*INSTRUCTIONS TO FOLLOW:* Output all of the data exactly, keeping any images out of the copy.

*DATA EXTRACT:*
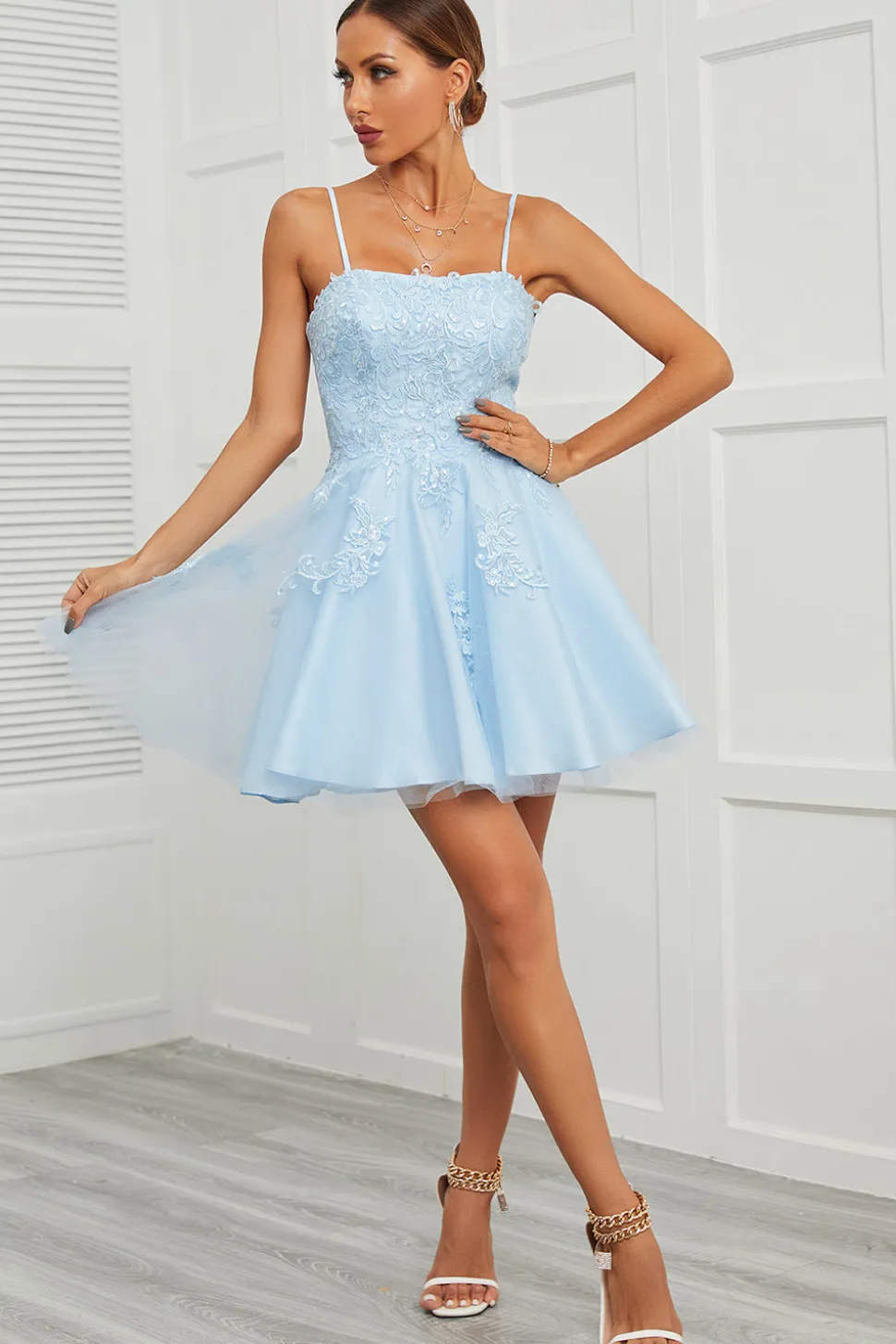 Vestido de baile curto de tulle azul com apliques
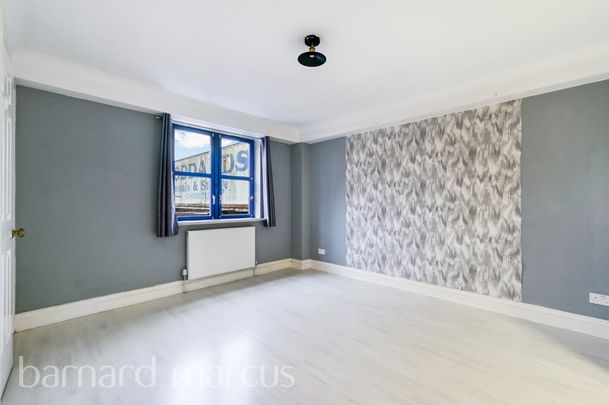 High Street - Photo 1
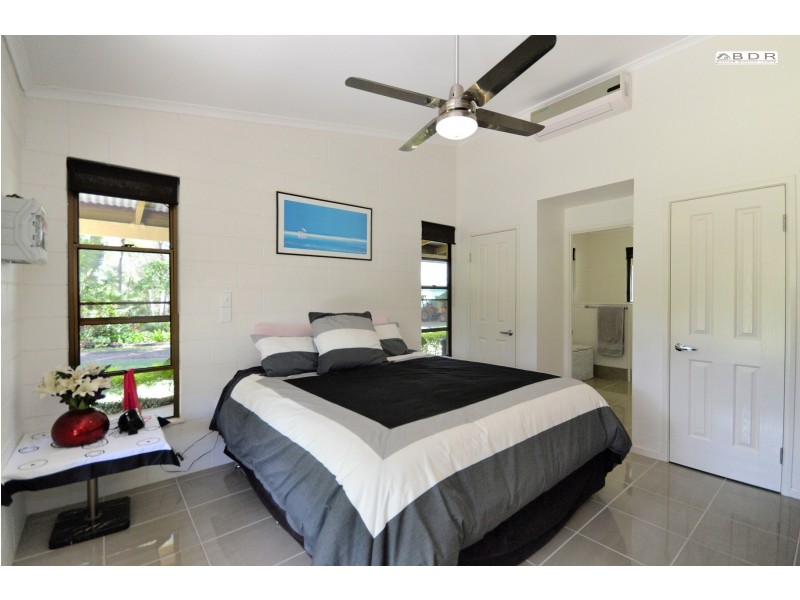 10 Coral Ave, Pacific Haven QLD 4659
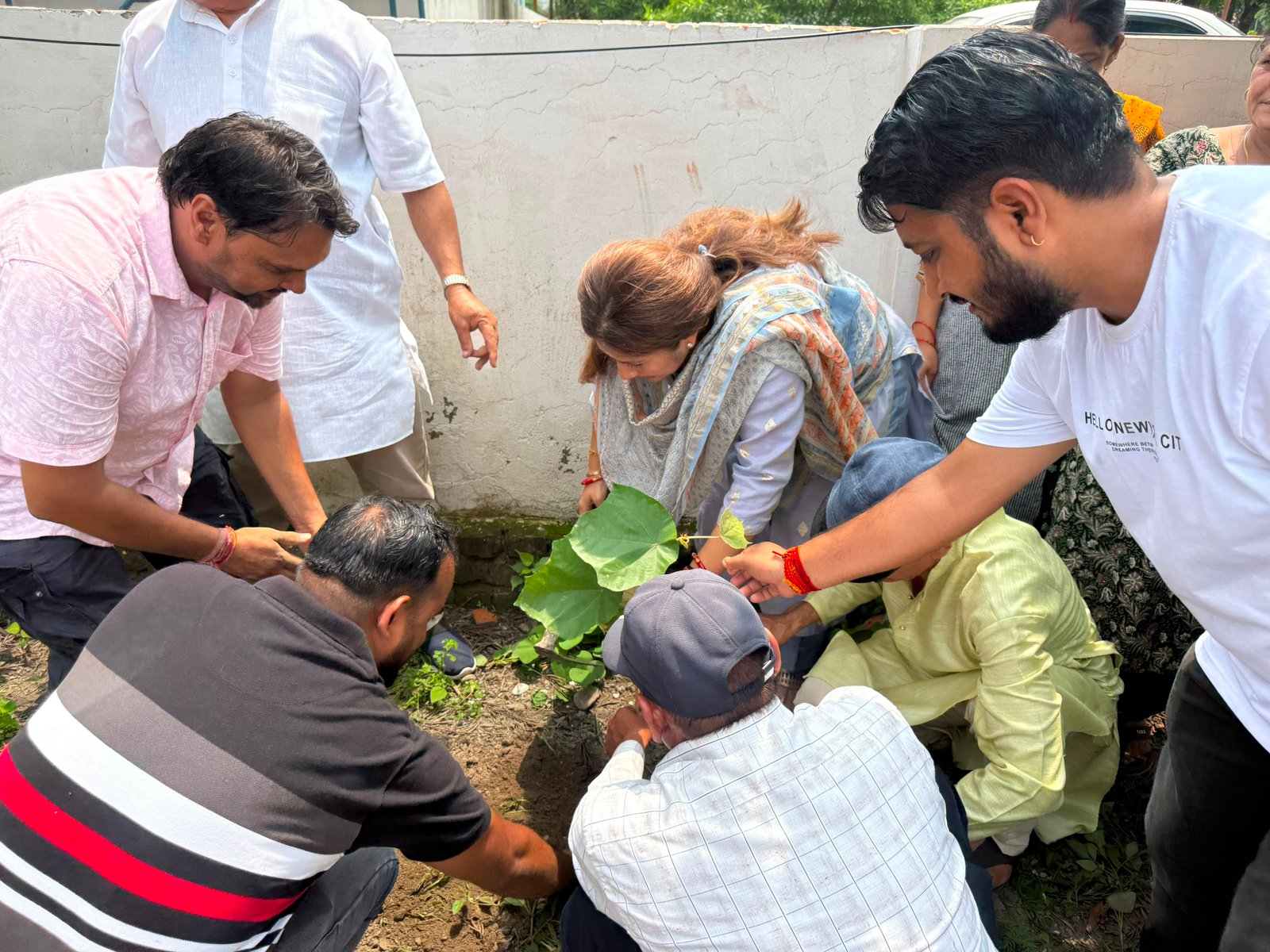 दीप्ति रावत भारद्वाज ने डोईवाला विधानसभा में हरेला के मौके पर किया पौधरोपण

*EXERCISE RESPONSE:*
 Vestido de baile curto de tulle azul com apliques
 High Street - Photo 1
 10 Coral Ave, Pacific Haven QLD 4659
 दीप्ति रावत भारद्वाज ने डोईवाला विधानसभा में हरेला के मौके पर किया पौधरोपण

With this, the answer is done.